Building peace in the minds of men and women


Towards cities against racism and exclusion


Lorca Fakir and her family were among the first Syrian refugees to benefit from a community sponsorship programme in Ireland, February 2019. The initiative involves private citizens aiding displaced people entering the community.

13 November 2015. The French capital is in the grip of a series of suicide attacks, the deadliest the country has seen in recent history – stirring up emotions all around the world. Meanwhile, far from the commotion in Paris, six cameras closely follow the daily lives of a father and his daughter in Bologna, Italy; a family in Seville, Spain; a couple in love in Riga, Latvia; a lonely young man in Hamburg, Germany; a determined teenager in Toulouse, France; a couple getting together in Loures, Portugal. Scattered all over Europe, these people have nothing in common except that they are all migrants. A group that will pay the high price for increased security and border controls in the aftermath of the Paris bombings.

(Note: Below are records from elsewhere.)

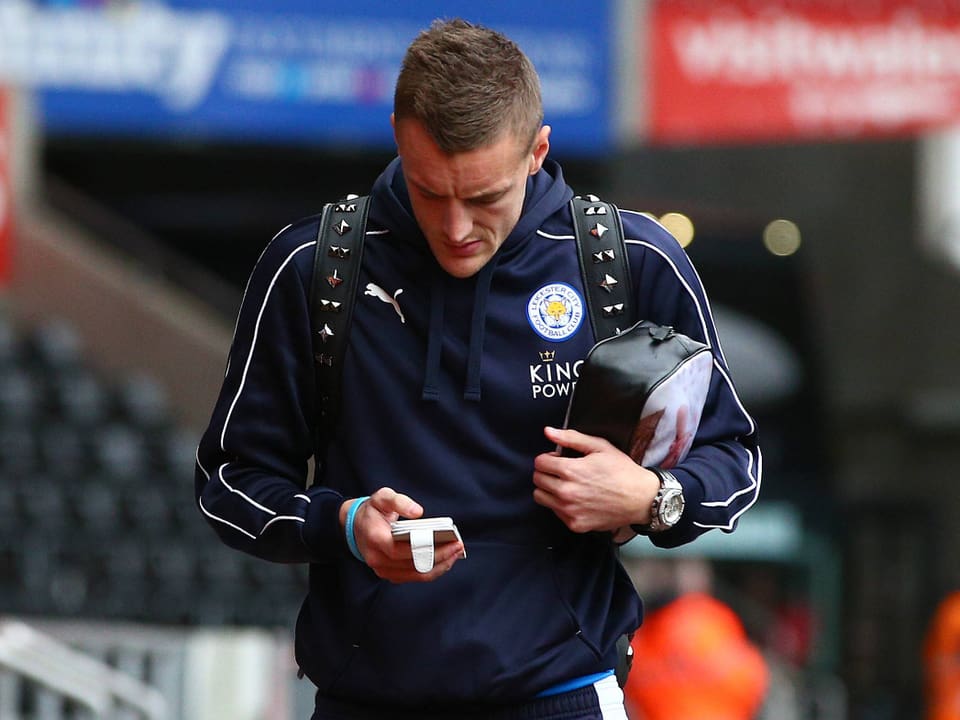 Leicesters Topskorer Jamie Vardy checit sein Handy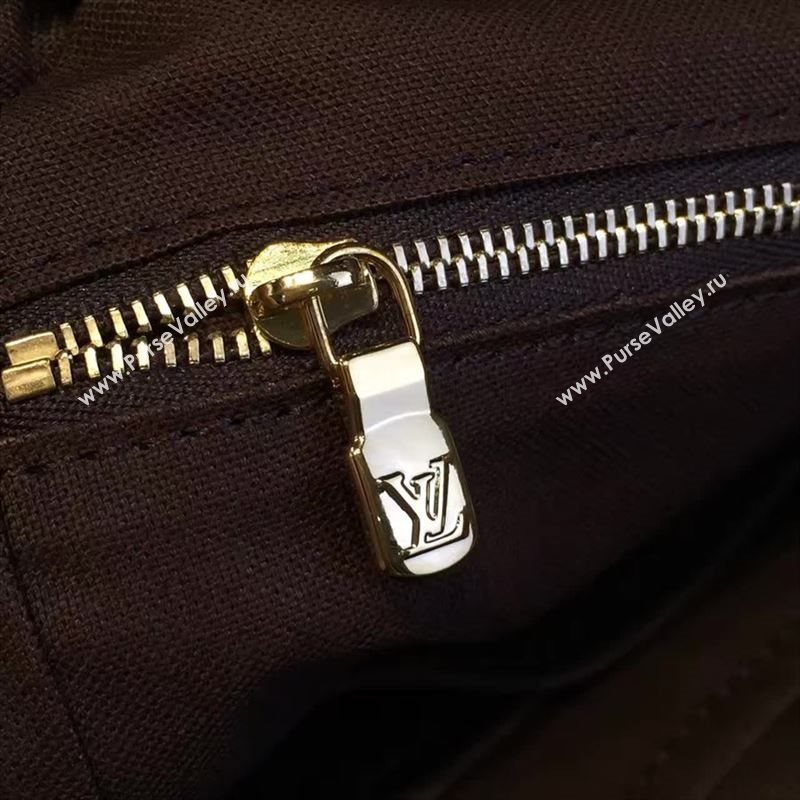 Louis Vuitton VOYAGE 80260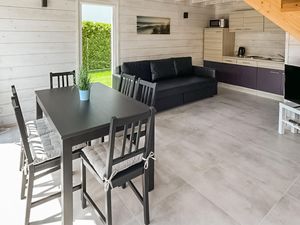 23767115-Ferienhaus-6-Grzybowo-300x225-3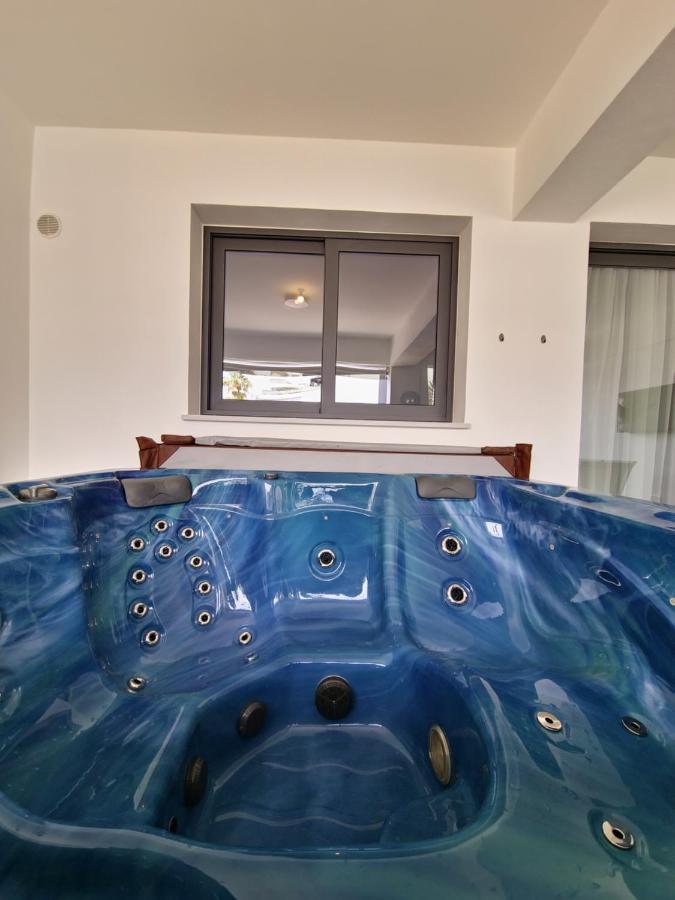 Carisa Deluxe Apartment With Jacuzzi Larnaca Dış mekan fotoğraf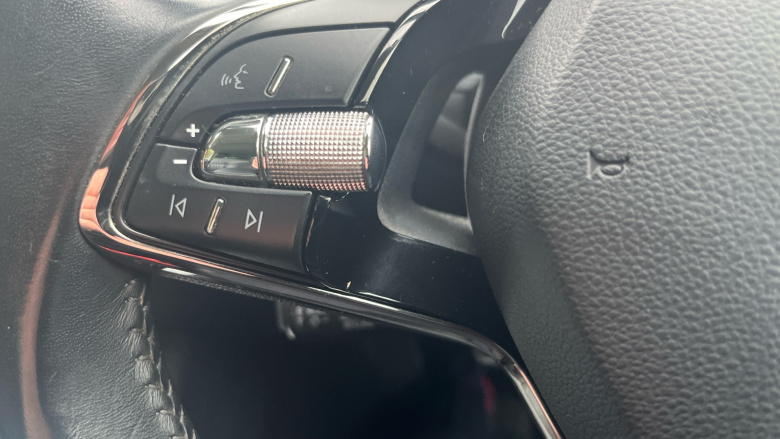 Skoda Superb 1.5 TSI SE Technology 5dr Petrol Hatchback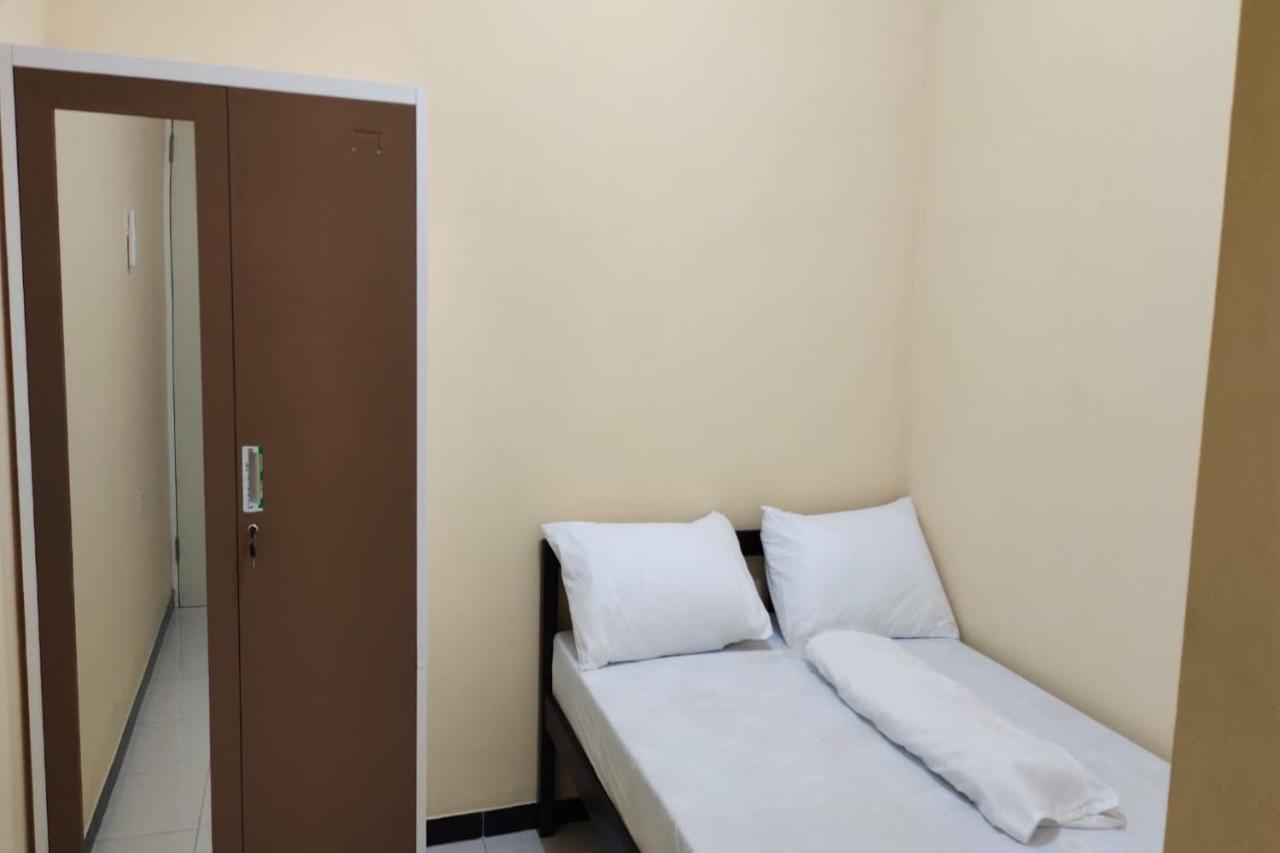 OYO 91209 Arjuna Residence Syariah Sby Surabaya Bagian luar foto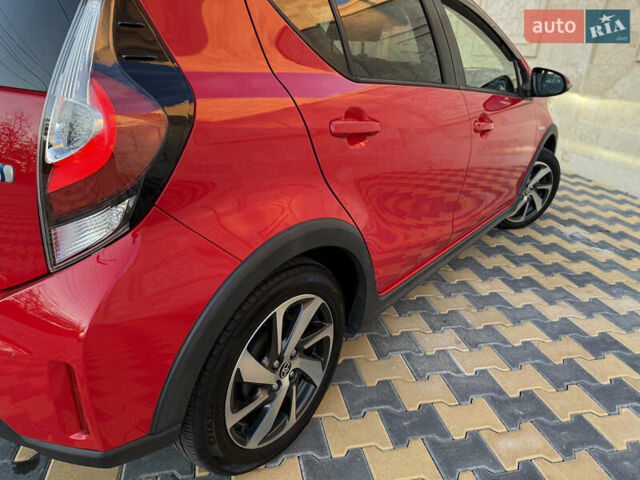 Тойота Aqua 2017 в Одессе на Automoto.ua Красный Тойота Aqua, объемом двигателя 1.5 л и пробегом 80 тыс. км за 13600 $, фото 35 на Automoto.ua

Their story is told in 13.11, a six-episode TV mini-series (fiction), produced in 2017 by Elenfant Film, an Italian video and film production company. It aims to show the human face of migration, and to prompt us not to forget that every minute, twenty people are displaced from their homes in our world today.

The city of Bologna was the driving force behind this project. The city is leader of the European Coalition of Cities Against Racism (ECCAR), launched at the end of the fourth European Conference of Cities for Human Rights in 2004.

The same year, UNESCO created a vast global network of cities united around the fight against racism, discrimination, xenophobia and exclusion in urban areas. The  International Coalition of Inclusive and Sustainable Cities (ICCAR) brings together the regional coalitions created in Europe (2004), Africa (2006), Latin America and the Caribbean (2006), Asia and the Pacific (2007), Canada (2007), Arab States (2008) and North America (2013).

Mobilizing cities to adopt a culture of solidarity and cooperation takes place through a variety of channels, including regular meetings of mayors, international conferences, and publications. In May 2016, for example, UNESCO and the foundation of its Goodwill Ambassador, Marianna V. Vardinoyannis, launched the Welcoming Cities for Refugees: Promoting Inclusion and Protecting Rights initiative. Conducted in partnership with ECCAR, the initiative resulted in the 2016 publication of the same name. It provides the first thorough international mapping and analysis of city and migration issues, with a focus on Europe. The publication also reviews perspectives of international networks on cities and migration, and identifies a set of common principles, guidelines and actions to be carried out in the field of urban governance.